Before we go into figures, let us define first certain terms. First we have RDA, or recommended dietary allowance. This refers to the average intake level to meet the requirements of almost 98 percent of healthy people all over the world. Adequate intake, on the other hand, is used when the RDA cannot be determined. It is an assumption based on scientific evidence as to how much the body needs. Lastly, you have UL, or tolerable upper intake level. You can never go beyond your UL, or you may suffer from adverse consequences.
Here are some of the common vitamins and minerals seen in health supplements:
Calcium is required to promote better bone growth and health. As the baby grows, the required calcium intake also increases. For example, by the time that he or she reaches 13 years old, his or her calcium requirement will be 1,300 mg. It will start to go down a little bit by the time that he or she reaches the age 50 and above. Lactating and pregnant mothers require a different calcium requirement than other gender their age.
This is one of the B-vitamins. It plays a huge role in the body since it is responsible for the production and division of new cells in the body. It can also help create RNA and DNA, which are the building blocks of body cells. It will also shield the DNA from mutation, which will then lead to the production of cancer cells. When you have enough folate in the body, you can prevent yourself from suffering anemia.

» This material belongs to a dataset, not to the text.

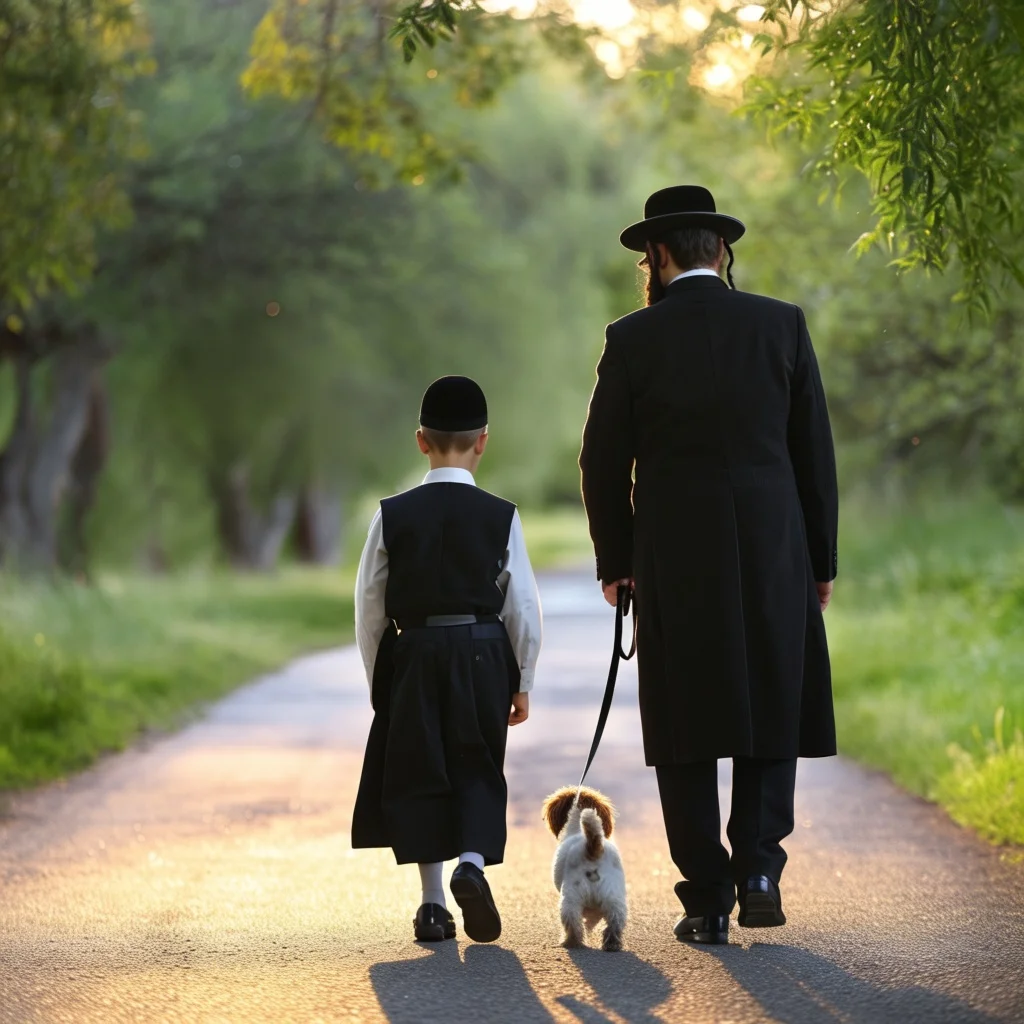 "אתה יותר ממה שאתה חושב": הילד שכולם ויתרו עליו, עד שקראו לו "רבי" "אתה יותר ממה שאתה חושב": הילד שכולם ויתרו עליו, עד שקראו לו "רבי"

Both men and women require 400 ug of folic acid (synthetic form of folate) to function properly. Pregnant mothers require more, since folate is highly needed for the formation of the basic functions of the baby. You may also have to increase your folate when you suffer from malabsorption, kidney infection, and liver disease.
The body is highly enriched with iron. Almost two-thirds are found in the blood in the form of haemoglobin, a protein. It helps the blood in distributing oxygen to different parts of the body. A deficiency in iron can mean anemia or enzyme malfunction.

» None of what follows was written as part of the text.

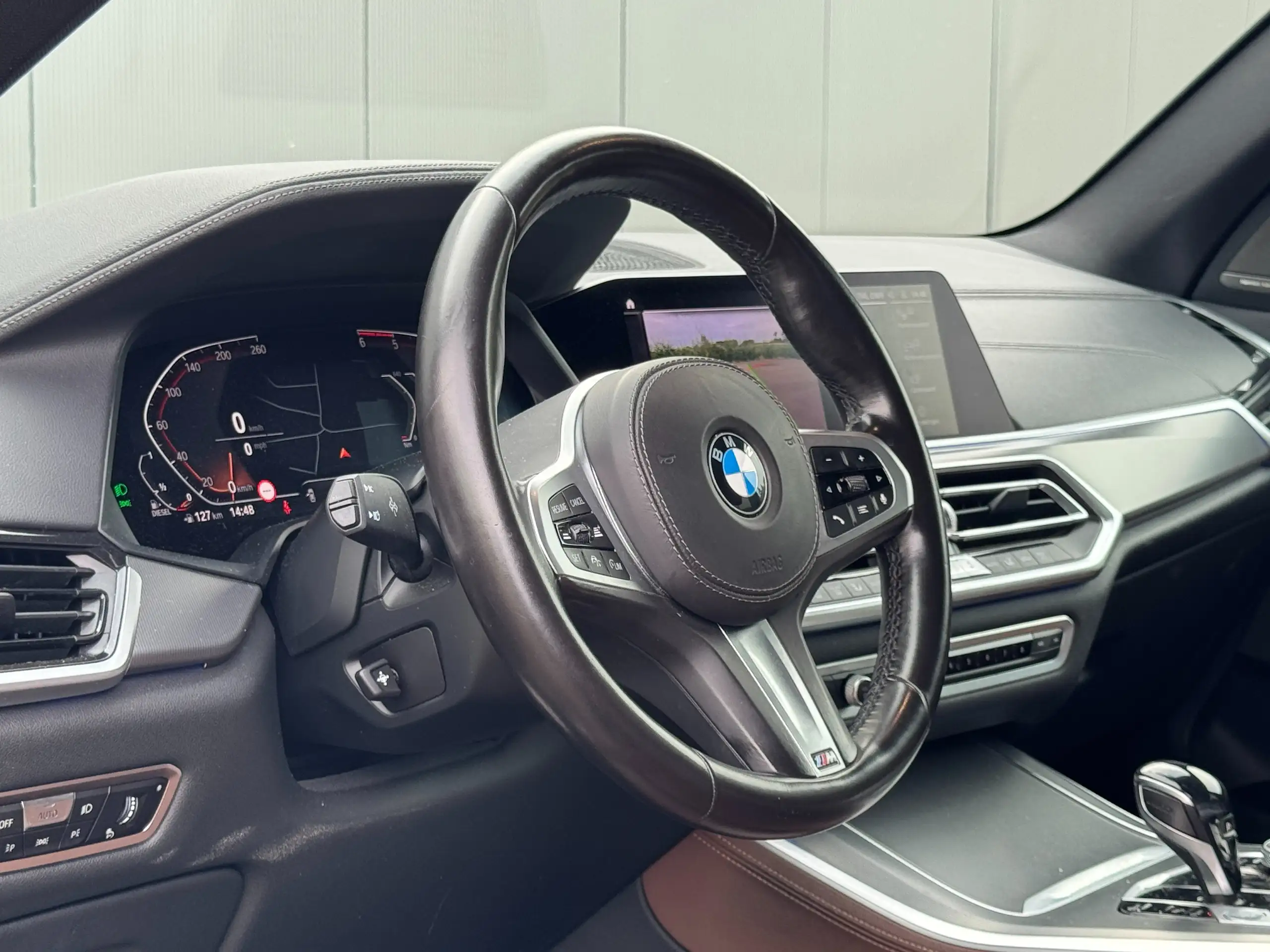 BMW - X5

Babies don’t need too much iron once they are born. In fact, they have enough supply to last for six months. That’s why the iron guidelines for both males and females start at 7 months old. The amount of iron needed will also differ between genders. From 14 to 50 years, women would need more iron than men.
Get a list of the dietary requirements online. You can also ask for the list from your physician, especially if you are significantly deficient of a particular vitamin or mineral.